If success is not formally defined with collaborative agreement on how it will be measured, evaluation of the project’s outcome will be based on subjective perception. That is extremely dangerous because you will have a hard time pleasing the business user as his/her view of success may evolve and be very different at the end of a project than it was at the beginning.
Do not continue a project if the business area managers will not engage with the BPM team at a level deemed to be necessary for success. This must be spelled out in the project assumptions and failure to engage with the BPM team is a cause for a project to be put on “hold status” that does not penalize the project team or project schedule. The business area managers will be the ultimate decision makers on project success or failure and they must be engaged at appropriate times and at appropriate levels.
When scope changes in the middle of a project, it is vital to re-estimate the impact on the timeline and project costs. If your project has interdependencies with other projects it is important to meet with your business sponsor to reset expectations and obtain agreement as to the impact the changes will have on the original project.
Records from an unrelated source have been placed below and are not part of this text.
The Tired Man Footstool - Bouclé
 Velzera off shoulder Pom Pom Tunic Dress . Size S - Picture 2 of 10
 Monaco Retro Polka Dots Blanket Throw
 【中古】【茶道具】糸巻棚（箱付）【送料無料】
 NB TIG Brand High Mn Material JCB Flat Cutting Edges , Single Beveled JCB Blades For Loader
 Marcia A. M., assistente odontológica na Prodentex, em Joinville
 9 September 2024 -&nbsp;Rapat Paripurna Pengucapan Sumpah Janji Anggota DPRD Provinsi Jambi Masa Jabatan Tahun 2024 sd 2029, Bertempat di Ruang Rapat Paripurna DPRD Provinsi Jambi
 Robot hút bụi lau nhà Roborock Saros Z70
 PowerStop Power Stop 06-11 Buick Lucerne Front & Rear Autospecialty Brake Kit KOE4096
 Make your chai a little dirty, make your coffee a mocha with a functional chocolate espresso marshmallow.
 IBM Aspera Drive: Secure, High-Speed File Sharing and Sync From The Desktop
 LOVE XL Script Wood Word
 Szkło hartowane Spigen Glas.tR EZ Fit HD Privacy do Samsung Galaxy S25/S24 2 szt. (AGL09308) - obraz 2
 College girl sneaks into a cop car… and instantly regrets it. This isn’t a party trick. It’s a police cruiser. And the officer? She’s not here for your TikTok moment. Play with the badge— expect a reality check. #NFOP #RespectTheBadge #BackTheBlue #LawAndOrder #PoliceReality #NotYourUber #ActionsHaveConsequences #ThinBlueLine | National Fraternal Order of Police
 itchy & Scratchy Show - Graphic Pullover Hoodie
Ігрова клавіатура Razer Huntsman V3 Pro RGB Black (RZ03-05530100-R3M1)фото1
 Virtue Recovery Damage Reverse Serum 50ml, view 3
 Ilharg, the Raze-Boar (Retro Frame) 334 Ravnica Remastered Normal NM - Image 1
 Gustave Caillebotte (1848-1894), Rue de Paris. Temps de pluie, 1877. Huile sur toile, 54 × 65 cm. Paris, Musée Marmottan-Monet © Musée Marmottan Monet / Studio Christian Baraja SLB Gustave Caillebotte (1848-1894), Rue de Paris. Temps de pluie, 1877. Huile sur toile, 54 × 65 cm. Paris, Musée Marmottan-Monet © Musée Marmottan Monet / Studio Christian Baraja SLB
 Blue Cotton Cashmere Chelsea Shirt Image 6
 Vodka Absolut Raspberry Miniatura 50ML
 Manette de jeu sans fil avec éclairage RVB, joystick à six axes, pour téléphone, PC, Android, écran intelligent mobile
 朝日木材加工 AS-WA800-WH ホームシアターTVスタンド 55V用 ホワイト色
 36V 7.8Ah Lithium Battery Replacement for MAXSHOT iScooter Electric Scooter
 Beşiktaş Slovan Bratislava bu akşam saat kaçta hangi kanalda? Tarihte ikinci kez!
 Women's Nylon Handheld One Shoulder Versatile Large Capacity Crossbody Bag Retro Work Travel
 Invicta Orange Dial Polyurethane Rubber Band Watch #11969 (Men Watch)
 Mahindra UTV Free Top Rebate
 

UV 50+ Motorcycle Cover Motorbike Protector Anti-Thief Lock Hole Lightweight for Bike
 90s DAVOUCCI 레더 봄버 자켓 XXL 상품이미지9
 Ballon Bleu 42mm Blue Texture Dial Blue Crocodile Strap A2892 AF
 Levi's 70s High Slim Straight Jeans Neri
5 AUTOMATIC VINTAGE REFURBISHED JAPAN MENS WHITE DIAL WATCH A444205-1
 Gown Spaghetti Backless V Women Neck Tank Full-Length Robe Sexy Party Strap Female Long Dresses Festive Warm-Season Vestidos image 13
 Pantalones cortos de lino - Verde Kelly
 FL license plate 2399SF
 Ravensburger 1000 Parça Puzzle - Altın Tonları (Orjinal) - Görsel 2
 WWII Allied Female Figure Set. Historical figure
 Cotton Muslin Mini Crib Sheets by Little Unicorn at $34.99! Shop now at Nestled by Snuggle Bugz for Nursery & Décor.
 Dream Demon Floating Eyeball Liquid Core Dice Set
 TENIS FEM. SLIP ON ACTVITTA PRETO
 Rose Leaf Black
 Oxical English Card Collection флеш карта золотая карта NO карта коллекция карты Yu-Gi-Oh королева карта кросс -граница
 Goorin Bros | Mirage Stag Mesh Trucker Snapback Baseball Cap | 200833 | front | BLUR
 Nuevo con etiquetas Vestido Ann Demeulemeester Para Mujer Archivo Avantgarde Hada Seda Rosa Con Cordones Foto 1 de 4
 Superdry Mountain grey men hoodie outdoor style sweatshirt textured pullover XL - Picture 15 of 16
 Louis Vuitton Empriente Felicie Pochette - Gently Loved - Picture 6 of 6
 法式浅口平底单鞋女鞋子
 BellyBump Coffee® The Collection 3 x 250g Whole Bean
When attempting to move from small process improvements to larger initiatives that have a significant impact and are transformational in nature, you must demonstrate that your team not only can deliver BPM capabilities but also has the ability to manage large and complex initiatives while mitigating risk to the ongoing operation. Leaders often become anxious when large scale change is to be done to their operations; they need reassurances that you have their back and can deliver on expectations.